Mountain West Digital Library (MWDL)
MWDL “is a portal to digital resources from universities, colleges, public libraries, museums, archives, and historical societies in Utah, Nevada, Idaho, and Hawaii.” (About)
What initially began as a project in 2001 to digitize 200 glass-plate negatives from the Utah State Historical Society’s collection has grown into a portal for over 690,000 resources (which translates to several million digital objects) from the digital collections of 17 institutions and over 60 partners including universities, colleges, public libraries, museums, historical societies, and government agencies, counties, and municipalities in Utah, Nevada, Idaho, Wyoming, Hawaii and other parts of the U.S. West.

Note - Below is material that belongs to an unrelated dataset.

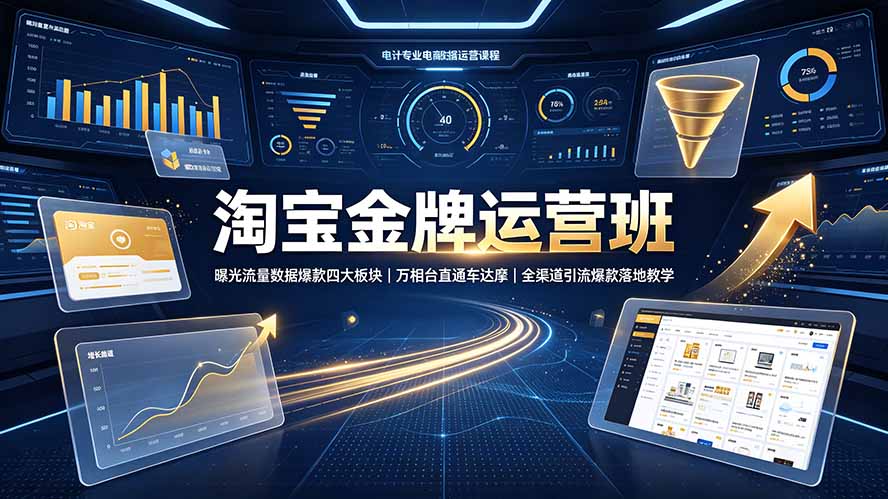 淘宝金牌运营班-7月：曝光流量数据爆款四大板块｜万相台直通车达摩｜全渠道引流爆款落地教学力繁信息站-闲云创业网-老谢轻创网-中创网-福缘网-冒泡网-资源之家-魔方项目库力繁信息站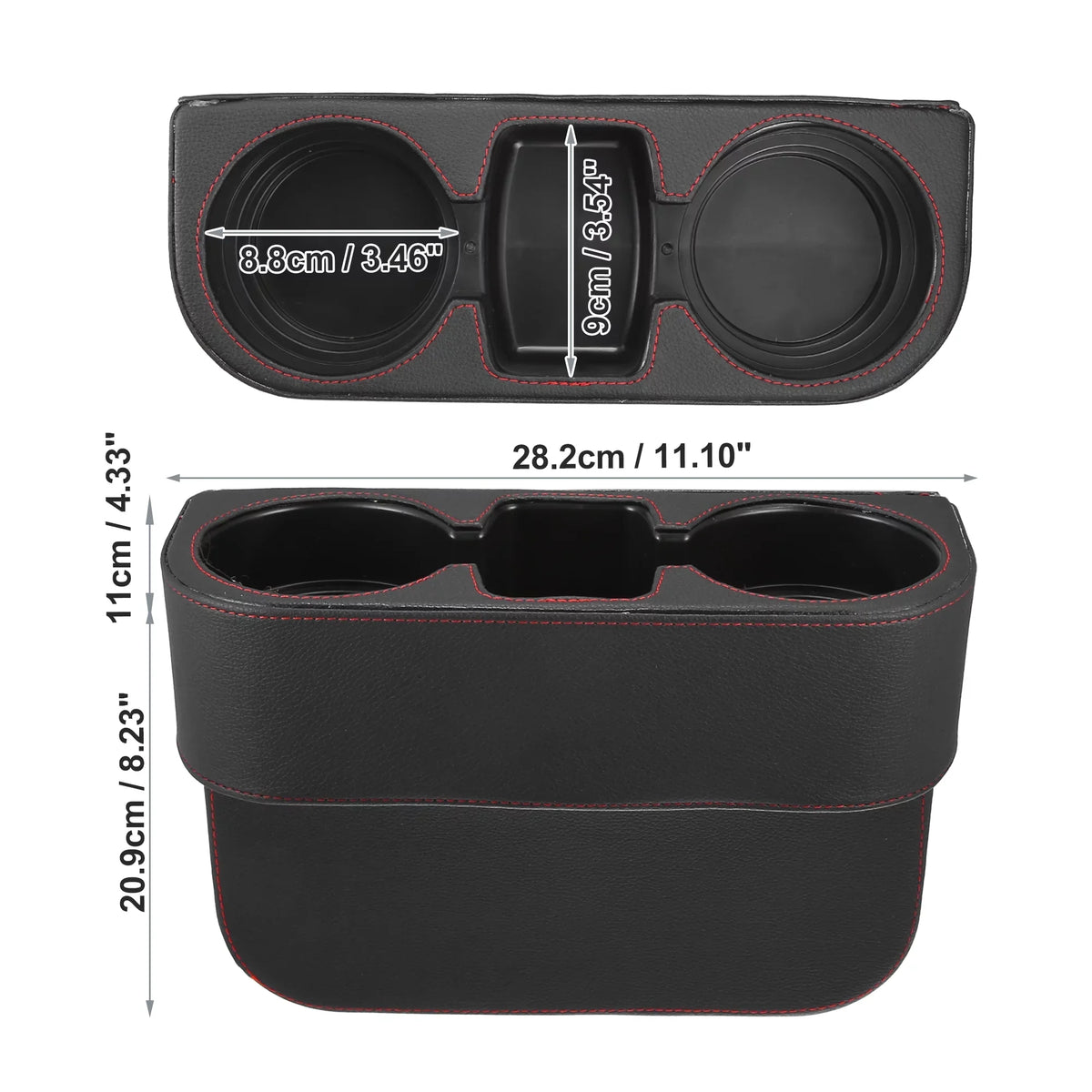 Car Seat Gap Filler Multi-function Cup Holder Car Seat Organizer Console Side Pocket Storage Box Black Red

The successful MWDL’s distributed and lightweight digital library model
- The University of Utah manages the aggregating server and the website
- Each digitization center digitizes their own collections and puts them on the University of Utah’s aggregating server
- Each center also supports and hosts other institutions (historical societies, museums, etc.) that cannot afford their own digitization and digital preservation infrastructure
- Use an OAI harvester that just harvests metadata from each of the servers back to the aggregating server; the metadata is exposed through the OAI
-- Lessons --
- Management: Hire a program director to lead, manage, and grow the digital library by bringing in new partners and new collections
- Financial: Use a lightweight model that does not rely long-term on soft money (grant funding)
- Ex Libris
- MWDL is using Ex Libris’ Primo for their harvesting mechanism and search interface.
- University of Utah recently became only the third institution in the United States to purchase Ex Libris’ Rosetta digital preservation software. With two of the other four institutions being in Utah (the LDS Church and BYU), they are now considering building a digital preservation network on the backbone of MWDL.
Utah Digital Newspapers (UDN)
The Utah Digital Newspapers Program has over 1.3 million pages. Because every article on every page is currently a separate file, those 1.3 million pages translate to about 17 million individual files.
They are gradually transitioning to the newer method of digitizing, which focuses more on creating individual JPEG 2000 files for each page, with built-in article coordinates. This will reduce the file count from 17 million down to the actual number of pages, currently at 1.3 million. They will use METS/ALTO, the new metadata and processing standard for digital newspapers. This will address scalability issues.
-- Lessons --
- If you try developing processes in-house and they prove unable to scale, find external help. Work with an outside vendor to develop the process.
- Hire a project manager
- Write the grant with the project manager
- Encourage the project manager to write and submit other grants
Western Waters Digital Library (WWDL)
WWDL “provides free public access to digital collections of significant primary and secondary resources on water in the western United States.” (Homepage)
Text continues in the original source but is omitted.